7. Wash twice with 200ml of cold IP lysis/wash buffer and centrifuge after each wash. Note: Antibody-crosslinked resin can be stored up to 5 days in IP lysis/wash buffer. For longer storage, store resin in 1X coupling buffer (PBS).

(iii) Antigen immunoprecipitation

Note: If antibody-crosslinked resin was stored in PBS, wash twice with IP lysis/wash buffer and discard the flow-through after each wash.

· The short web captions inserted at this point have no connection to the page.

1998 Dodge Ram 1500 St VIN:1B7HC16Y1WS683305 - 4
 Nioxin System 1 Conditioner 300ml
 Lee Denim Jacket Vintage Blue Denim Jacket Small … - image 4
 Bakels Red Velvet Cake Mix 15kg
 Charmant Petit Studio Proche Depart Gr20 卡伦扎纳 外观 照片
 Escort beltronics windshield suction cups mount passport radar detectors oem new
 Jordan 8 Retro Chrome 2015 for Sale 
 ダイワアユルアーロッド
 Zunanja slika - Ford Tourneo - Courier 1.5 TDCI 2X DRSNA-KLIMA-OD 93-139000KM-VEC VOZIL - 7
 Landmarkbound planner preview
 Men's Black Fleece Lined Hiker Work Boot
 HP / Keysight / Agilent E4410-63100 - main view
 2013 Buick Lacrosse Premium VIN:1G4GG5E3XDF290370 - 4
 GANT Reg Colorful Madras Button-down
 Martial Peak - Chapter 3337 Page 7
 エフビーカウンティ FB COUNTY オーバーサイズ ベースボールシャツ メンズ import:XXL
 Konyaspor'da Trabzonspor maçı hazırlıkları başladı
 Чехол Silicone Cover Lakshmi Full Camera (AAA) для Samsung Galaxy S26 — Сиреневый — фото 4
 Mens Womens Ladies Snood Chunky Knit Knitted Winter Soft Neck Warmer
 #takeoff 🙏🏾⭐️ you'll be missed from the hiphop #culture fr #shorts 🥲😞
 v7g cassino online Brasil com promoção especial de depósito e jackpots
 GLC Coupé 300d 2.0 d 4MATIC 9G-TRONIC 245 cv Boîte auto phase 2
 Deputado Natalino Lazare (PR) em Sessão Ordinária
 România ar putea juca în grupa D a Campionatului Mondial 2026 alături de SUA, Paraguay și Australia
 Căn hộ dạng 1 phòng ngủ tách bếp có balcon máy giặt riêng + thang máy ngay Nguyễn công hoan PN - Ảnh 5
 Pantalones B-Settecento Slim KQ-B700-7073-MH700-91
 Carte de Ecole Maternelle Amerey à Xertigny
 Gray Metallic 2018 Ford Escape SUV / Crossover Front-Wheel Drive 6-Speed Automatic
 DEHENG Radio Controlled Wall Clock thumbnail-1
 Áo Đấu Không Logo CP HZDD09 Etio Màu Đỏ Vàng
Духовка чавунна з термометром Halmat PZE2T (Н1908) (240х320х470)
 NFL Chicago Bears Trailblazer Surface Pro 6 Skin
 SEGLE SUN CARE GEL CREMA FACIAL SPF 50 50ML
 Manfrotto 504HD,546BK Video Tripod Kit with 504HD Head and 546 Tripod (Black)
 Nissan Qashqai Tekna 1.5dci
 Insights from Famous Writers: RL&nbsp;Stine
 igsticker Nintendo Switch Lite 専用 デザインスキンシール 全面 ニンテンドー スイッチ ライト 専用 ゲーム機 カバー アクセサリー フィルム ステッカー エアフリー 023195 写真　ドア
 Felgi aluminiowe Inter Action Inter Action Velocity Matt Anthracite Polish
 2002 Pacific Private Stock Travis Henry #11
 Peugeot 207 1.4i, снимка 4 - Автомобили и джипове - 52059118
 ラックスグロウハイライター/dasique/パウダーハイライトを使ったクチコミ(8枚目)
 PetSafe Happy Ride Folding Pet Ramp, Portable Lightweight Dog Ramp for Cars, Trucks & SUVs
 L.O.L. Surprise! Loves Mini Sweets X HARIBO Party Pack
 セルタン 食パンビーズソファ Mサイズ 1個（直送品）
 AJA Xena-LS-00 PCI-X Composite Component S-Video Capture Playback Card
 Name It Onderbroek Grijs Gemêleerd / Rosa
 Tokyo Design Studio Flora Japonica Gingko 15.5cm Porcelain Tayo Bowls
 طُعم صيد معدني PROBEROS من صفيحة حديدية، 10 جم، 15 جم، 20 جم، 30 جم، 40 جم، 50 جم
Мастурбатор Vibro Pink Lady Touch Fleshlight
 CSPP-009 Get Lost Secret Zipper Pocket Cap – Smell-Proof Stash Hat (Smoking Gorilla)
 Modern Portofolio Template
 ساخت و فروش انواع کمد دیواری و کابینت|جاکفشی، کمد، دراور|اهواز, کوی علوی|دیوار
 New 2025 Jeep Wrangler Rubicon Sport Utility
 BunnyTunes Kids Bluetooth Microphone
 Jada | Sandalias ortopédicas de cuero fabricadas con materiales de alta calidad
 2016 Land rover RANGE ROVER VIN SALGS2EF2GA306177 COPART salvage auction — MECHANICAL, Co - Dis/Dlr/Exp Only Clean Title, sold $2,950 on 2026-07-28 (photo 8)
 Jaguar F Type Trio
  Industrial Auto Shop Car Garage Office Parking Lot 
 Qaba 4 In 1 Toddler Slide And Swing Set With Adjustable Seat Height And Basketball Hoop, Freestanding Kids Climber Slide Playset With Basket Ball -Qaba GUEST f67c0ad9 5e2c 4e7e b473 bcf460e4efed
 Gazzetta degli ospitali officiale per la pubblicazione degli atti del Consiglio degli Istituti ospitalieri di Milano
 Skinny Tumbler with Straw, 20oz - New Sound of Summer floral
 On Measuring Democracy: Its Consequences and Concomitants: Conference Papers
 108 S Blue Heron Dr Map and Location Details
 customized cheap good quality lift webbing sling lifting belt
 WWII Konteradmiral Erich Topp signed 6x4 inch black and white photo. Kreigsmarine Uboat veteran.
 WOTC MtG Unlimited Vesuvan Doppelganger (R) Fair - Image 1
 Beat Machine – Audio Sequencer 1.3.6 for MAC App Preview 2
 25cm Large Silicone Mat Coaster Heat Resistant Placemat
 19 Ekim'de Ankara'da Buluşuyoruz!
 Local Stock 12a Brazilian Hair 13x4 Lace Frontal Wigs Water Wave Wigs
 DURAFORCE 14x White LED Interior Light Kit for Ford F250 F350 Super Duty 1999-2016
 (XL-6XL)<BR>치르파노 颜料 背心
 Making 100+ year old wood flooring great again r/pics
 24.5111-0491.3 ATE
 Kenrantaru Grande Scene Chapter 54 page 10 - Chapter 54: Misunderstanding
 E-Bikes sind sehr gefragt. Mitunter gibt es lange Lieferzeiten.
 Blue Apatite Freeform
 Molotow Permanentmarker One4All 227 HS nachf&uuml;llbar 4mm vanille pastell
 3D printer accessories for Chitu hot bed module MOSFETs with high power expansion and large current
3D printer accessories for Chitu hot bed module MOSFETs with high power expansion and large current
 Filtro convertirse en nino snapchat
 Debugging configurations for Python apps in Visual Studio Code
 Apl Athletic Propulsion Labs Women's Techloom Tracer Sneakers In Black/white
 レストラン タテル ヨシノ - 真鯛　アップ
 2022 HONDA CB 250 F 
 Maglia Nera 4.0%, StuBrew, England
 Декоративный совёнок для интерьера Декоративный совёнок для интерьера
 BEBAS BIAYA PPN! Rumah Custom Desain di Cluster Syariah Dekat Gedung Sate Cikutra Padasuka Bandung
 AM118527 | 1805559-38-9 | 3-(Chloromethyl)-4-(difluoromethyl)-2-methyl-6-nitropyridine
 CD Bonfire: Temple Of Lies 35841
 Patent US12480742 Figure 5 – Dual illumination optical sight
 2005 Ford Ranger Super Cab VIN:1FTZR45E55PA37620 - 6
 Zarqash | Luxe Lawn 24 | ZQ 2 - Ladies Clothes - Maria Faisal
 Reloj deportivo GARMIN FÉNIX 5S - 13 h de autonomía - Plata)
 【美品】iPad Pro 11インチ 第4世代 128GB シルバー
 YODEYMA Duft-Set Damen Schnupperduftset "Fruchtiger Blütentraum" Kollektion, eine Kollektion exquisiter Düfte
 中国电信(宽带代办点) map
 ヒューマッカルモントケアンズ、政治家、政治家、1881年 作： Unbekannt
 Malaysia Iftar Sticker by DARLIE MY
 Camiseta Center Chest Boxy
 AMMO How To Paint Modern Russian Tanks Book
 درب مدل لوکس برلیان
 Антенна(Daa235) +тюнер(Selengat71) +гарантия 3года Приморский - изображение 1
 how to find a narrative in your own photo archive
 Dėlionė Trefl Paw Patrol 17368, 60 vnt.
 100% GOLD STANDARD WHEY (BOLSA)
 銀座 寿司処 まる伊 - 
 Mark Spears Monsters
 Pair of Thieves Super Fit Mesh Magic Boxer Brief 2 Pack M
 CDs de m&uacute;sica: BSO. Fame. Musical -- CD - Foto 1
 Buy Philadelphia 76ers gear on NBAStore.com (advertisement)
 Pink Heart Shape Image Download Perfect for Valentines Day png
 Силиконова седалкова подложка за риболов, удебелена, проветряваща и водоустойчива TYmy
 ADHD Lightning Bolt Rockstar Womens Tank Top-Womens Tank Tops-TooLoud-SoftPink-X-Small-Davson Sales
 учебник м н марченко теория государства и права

1. Tap the bottom of the column on a paper towel to remove excess liquid and replace the bottom plug.
2. Add sample to the antibody-crosslinked resin in the column. Then attach the screw cap and incubate the column overnight at 4^oC on the rotator.
3. Remove the bottom plug, loosen the screw cap and place in the column in a collection tube and centrifuge the column. Save the flow through. Note: Do not discard the flow-through until confirming that immunoprecipitatio is successful.
4. Remove the screw cap, and place the column into a new tube. Add 200ml of 1X TBS buffer and centrifuge.
5. Wash sample twice with 200ml IP lysis/wash buffer and centrifuge after each wash.
6. Wash sample once with 100ml of 1X conditioning buffer.

(iv) Antigen elution

1. Add 20ml of elution buffer into the column and incubate for 5minutes at room temperature. Centrifuge.